(Short web captions)
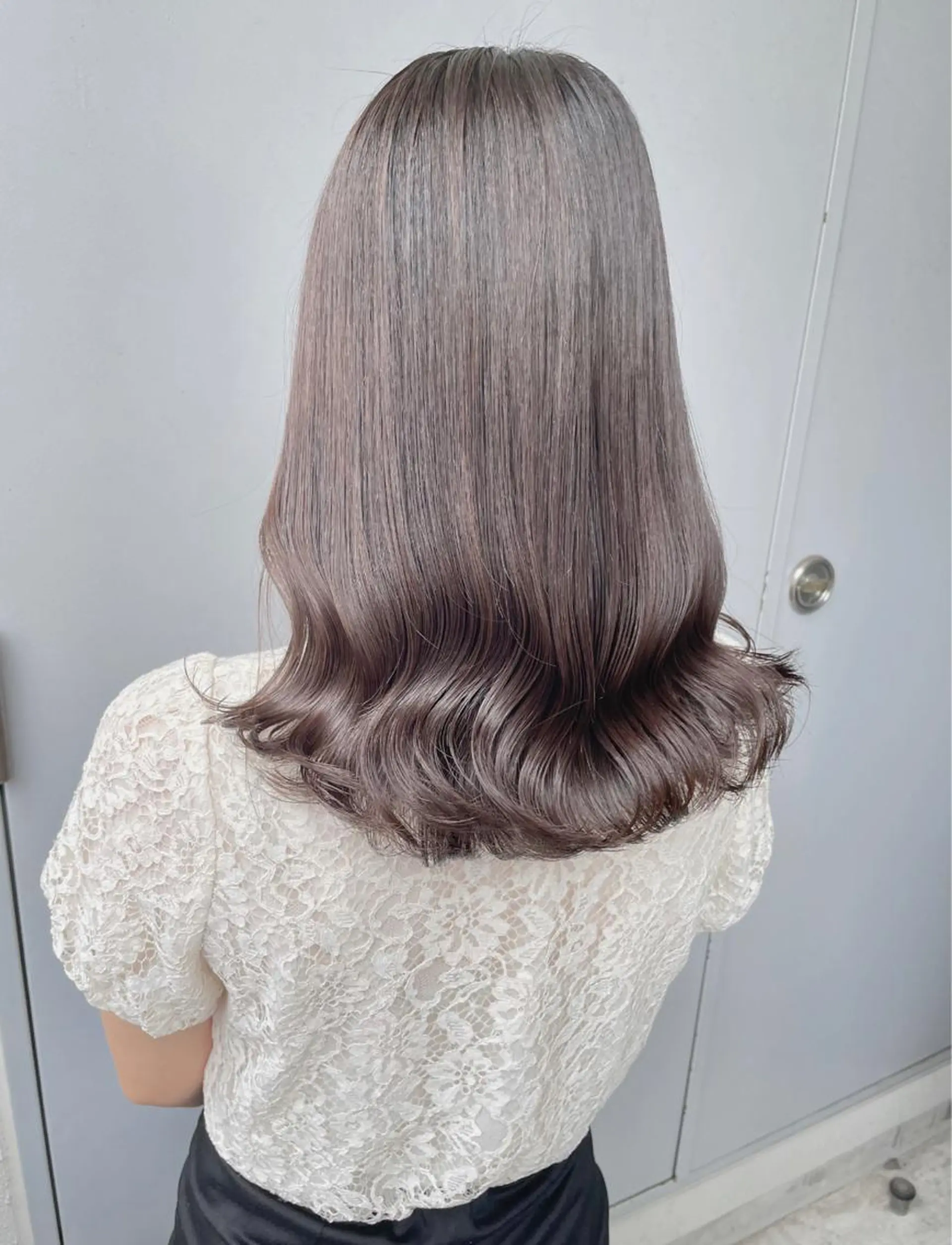 ロング カラー カット ヘアカラー トリートメント ヘッドスパ ヘアセット ベージュカラー💖 やすひろのヘアスタイル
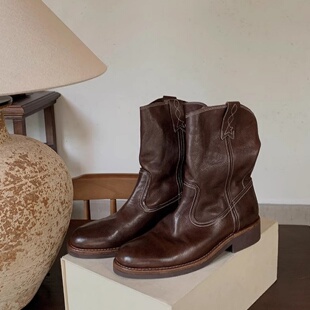 粗跟小圆头V口机车靴子平跟复古西部牛仔短靴女切尔西中筒马丁靴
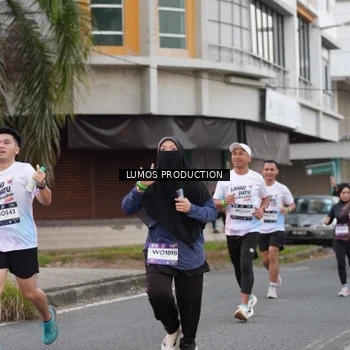 Runner Photo 7995086
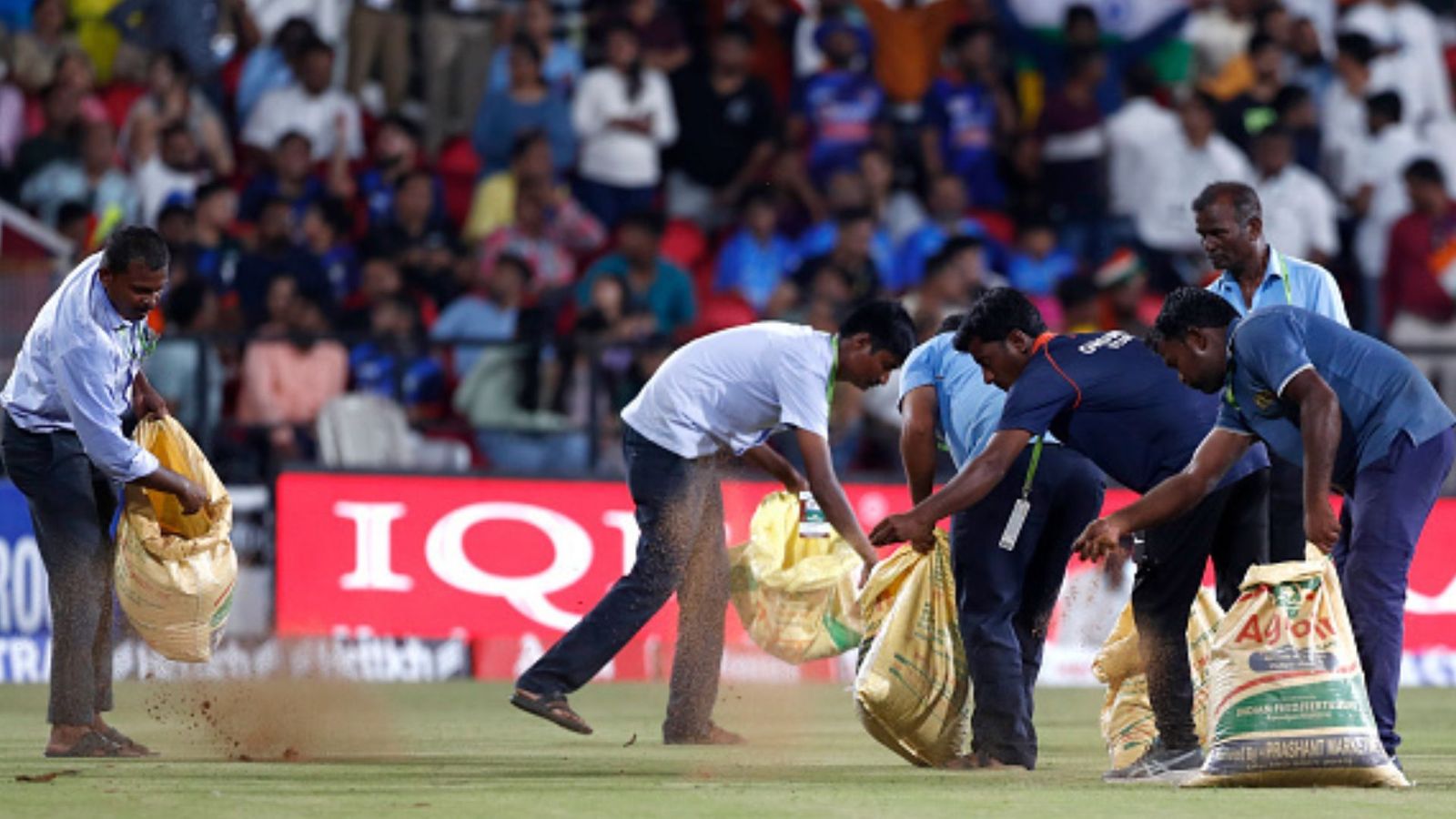 Ind vs Aus: मैच के दिन नहीं हुई एक भी बूंद बारिश तो मैदान में भरे पानी से कैसे हुई दूसरे टी20 में देरी, जानिए वजह Ind vs Aus: मैच के दिन नहीं हुई एक भी बूंद बारिश तो मैदान में भरे पानी से कैसे हुई दूसरे टी20 में देरी, जानिए वजह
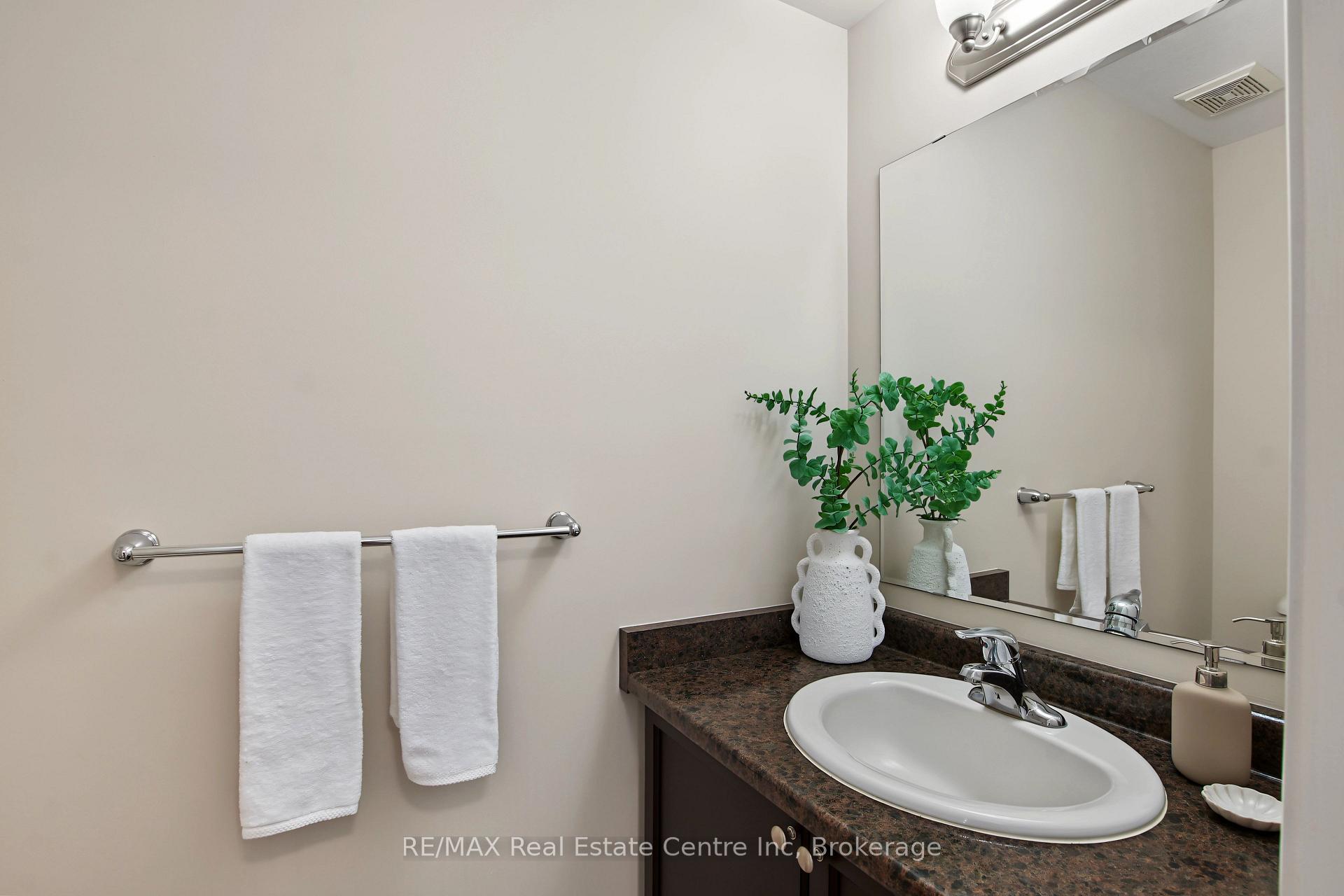 Photo 11 of 54 Wilkie Crescent, Guelph, Pineridge/Westminster Woods — HOMEH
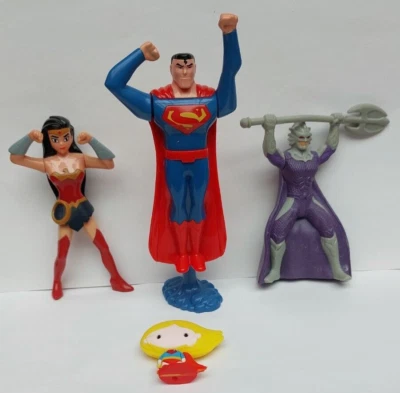 JOUET FIGURINE LOT WONDER WOMAN SUPERMAN AQUAMAN DC COMICS SANS ACCESSOIRE SERIE - Photo 1/2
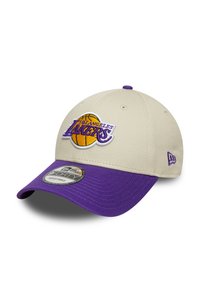 Krēms krāsas beisbola cepure ar purpura vizuli. Satur izšūtu "Los Angeles Lakers" logo un basketbola dizainu. Aizmugurē regulējama siksna.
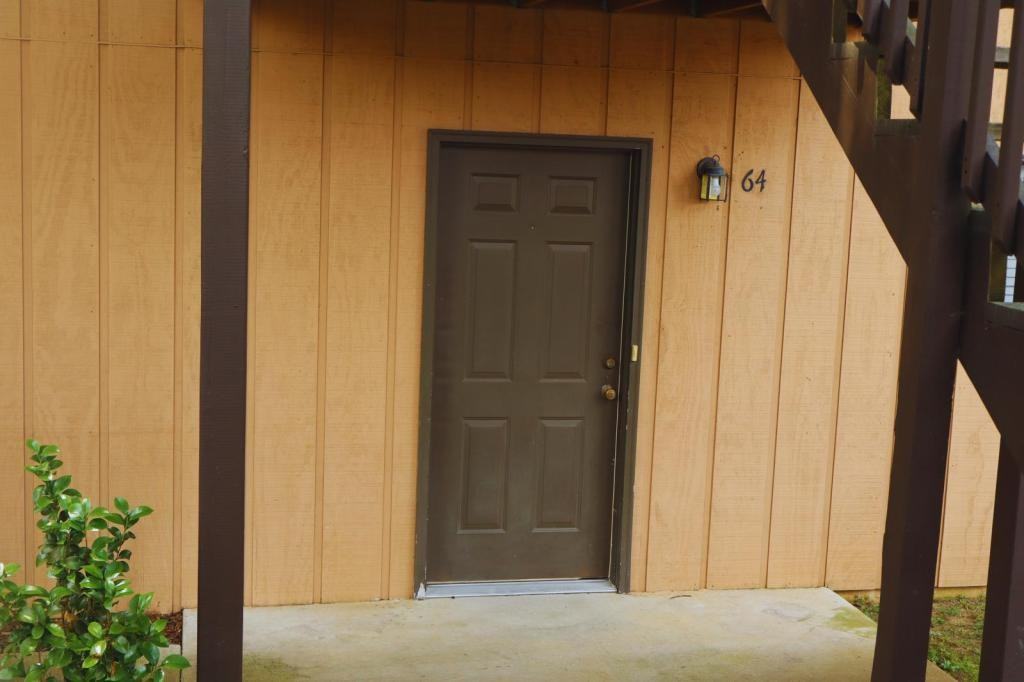 1100 Woodlawn Ave - Photo 2 of 32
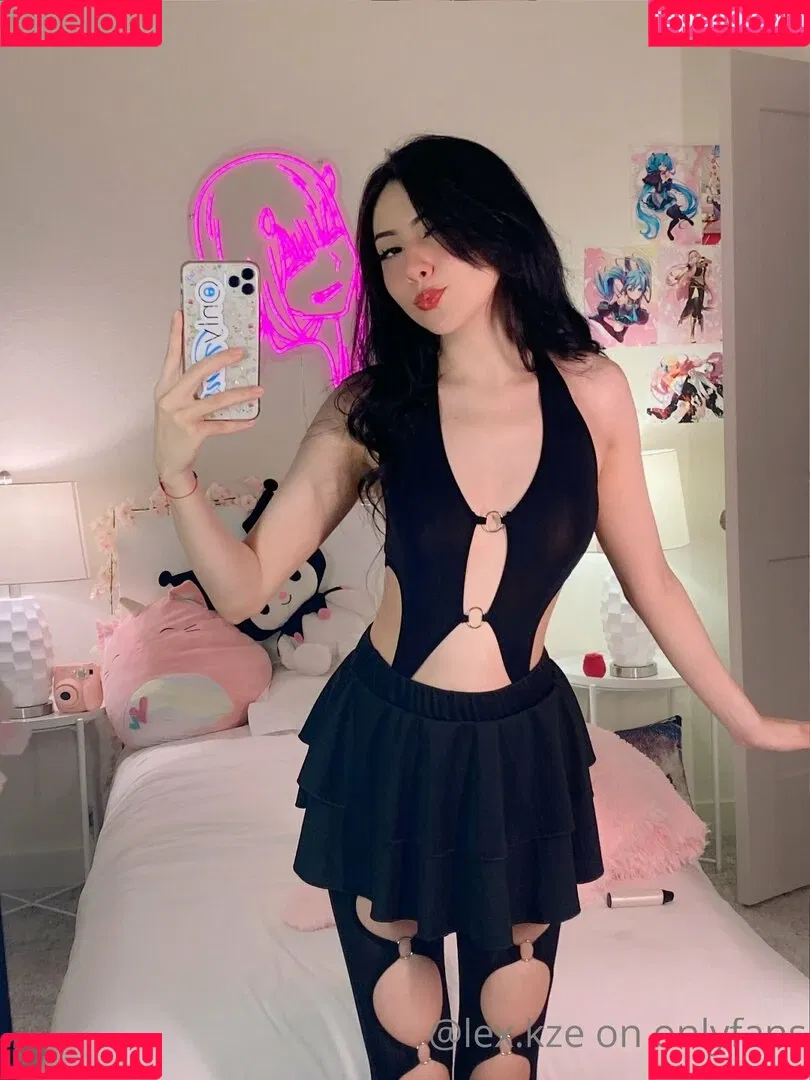 jasminealyahh Onlyfans Photo Gallery 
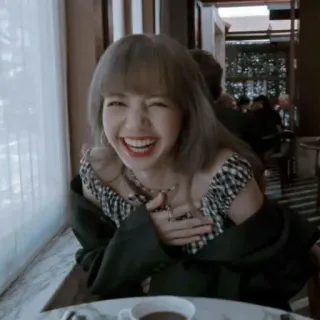 💖 Lisa piosenkarz, szczęśliwy, uśmiech, blackpink, kobieta, radosny telegram sticker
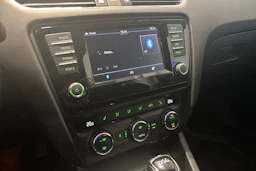 Harmaa Skoda OCTAVIA 2017 kuva 19.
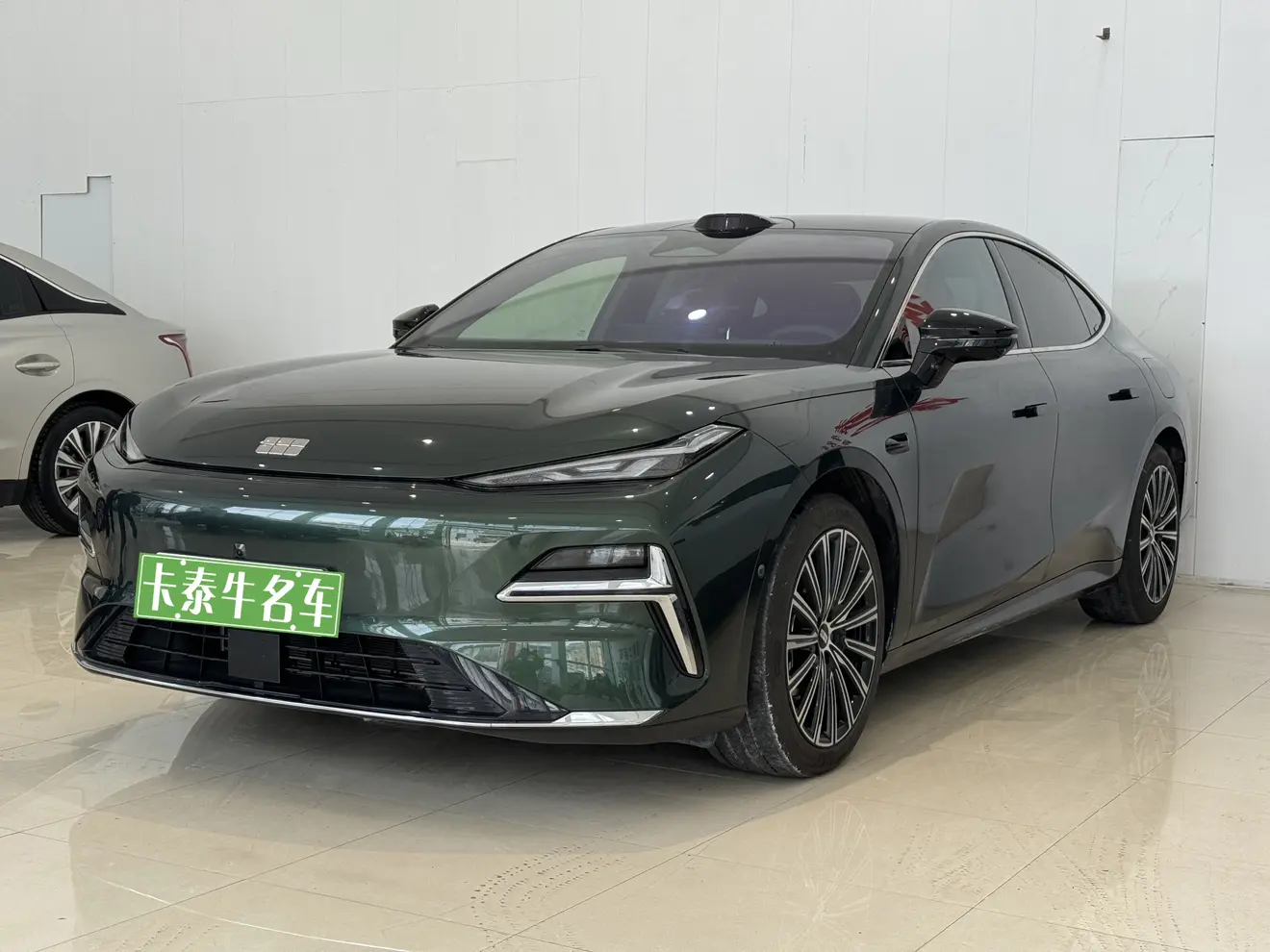 Geely Galaxy Star 8 PHEV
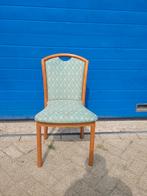 Unieke stapelstoelen stevig houten frame zachte zitting, Ophalen, Vijf, Zes of meer stoelen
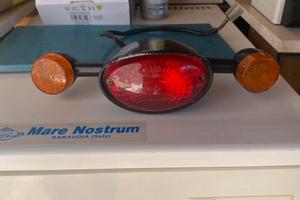 Fanale e frecce posteriori scarabeo 50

WORK INSTRUCTION: Please set down exactly the lines from the first line of the data above through the line with "jasminealyahh Onlyfans Photo Gallery", both included, leaving out the pictures.

ANSWER TO THIS TASK:
 ロング カラー カット ヘアカラー トリートメント ヘッドスパ ヘアセット ベージュカラー💖 やすひろのヘアスタイル
 粗跟小圆头V口机车靴子平跟复古西部牛仔短靴女切尔西中筒马丁靴
 Runner Photo 7995086
 Ind vs Aus: मैच के दिन नहीं हुई एक भी बूंद बारिश तो मैदान में भरे पानी से कैसे हुई दूसरे टी20 में देरी, जानिए वजह Ind vs Aus: मैच के दिन नहीं हुई एक भी बूंद बारिश तो मैदान में भरे पानी से कैसे हुई दूसरे टी20 में देरी, जानिए वजह
 Photo 11 of 54 Wilkie Crescent, Guelph, Pineridge/Westminster Woods — HOMEH
 JOUET FIGURINE LOT WONDER WOMAN SUPERMAN AQUAMAN DC COMICS SANS ACCESSOIRE SERIE - Photo 1/2
 Krēms krāsas beisbola cepure ar purpura vizuli. Satur izšūtu "Los Angeles Lakers" logo un basketbola dizainu. Aizmugurē regulējama siksna.
 1100 Woodlawn Ave - Photo 2 of 32
 jasminealyahh Onlyfans Photo Gallery 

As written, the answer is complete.